あ、もちろん二人としたのも楽しかったよ!
「では頂きましょう」
「はい」
「はーい」
先輩の言葉と同時に紅茶を一口。芳醇な香りが鼻腔へと伝わり、口いっぱいに仄かな甘味が広がった。
昨日も飲んだけどルミエルさんの淹れる紅茶はスゴく美味しい。甘さ控えめの紅茶には甘いお菓子がよく合う。あれ、けど最初はサンドイッチから食べるのがマナーなんだっけ。
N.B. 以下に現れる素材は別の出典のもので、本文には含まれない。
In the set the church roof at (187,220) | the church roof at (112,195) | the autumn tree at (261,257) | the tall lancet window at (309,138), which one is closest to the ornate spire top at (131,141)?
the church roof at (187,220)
「フフ、一瞬止まったわね。何を食べるか迷っていると見たわ」
「す、スゴい指摘……! 今までもボルカちゃんとかによく言い当てられたけど……私ってそんなに表情に出やすいですか?」
「それなりにね。ティータイムは楽しむのが目的。マナーも大事と言えば大事だけど、一番のマナーは心置き無く満喫する事よ♪」
「わ、分かりました……! 気合い入れて楽しみます……!」
「うーん……力んで楽しむのはまた違うような……無理に合わせず貴女のペースで良いのよ」
「はい!」
「ふふ、初々しい子の反応を見るのも楽しいわね♪」
取り敢えずこの時間はとことん楽しむのが目的みたい。
それならそれに乗っかろうかな。なんとなくインタビューから調子が優れなかったし、その鬱憤を晴らす気概で思い切り楽しんじゃお! お腹も空いてるからね!
「このお菓子美味しいですね!」
「そうでしょう? 特別腕に縒りを掛けて作ったわ!」
お茶会を満喫するうちにモヤモヤが軽くなってきた気がする。
本当になんだったんだろう。さっきの動悸と息切れ……何かの病気かな? 病気……病気って単語にはなんとなく嫌悪感が生じる。そりゃ病気は怖いけど、別方面の恐怖とか、誰かが居なくなったような──
「ティーナ! お菓子だけじゃなくてサンドイッチもイケるぜ! 満遍なく食べよう!」
「ボルカちゃん。……うん、一緒に食べよ!」
ルミエル先輩に続き、ボルカちゃんと話すとまた心が軽くなるような感じがする。
よく分からない問題。だけど深く考えるのはそれこそ良くない事みたい。
私達はお菓子を摘まみながら祝勝会を楽しむのだった。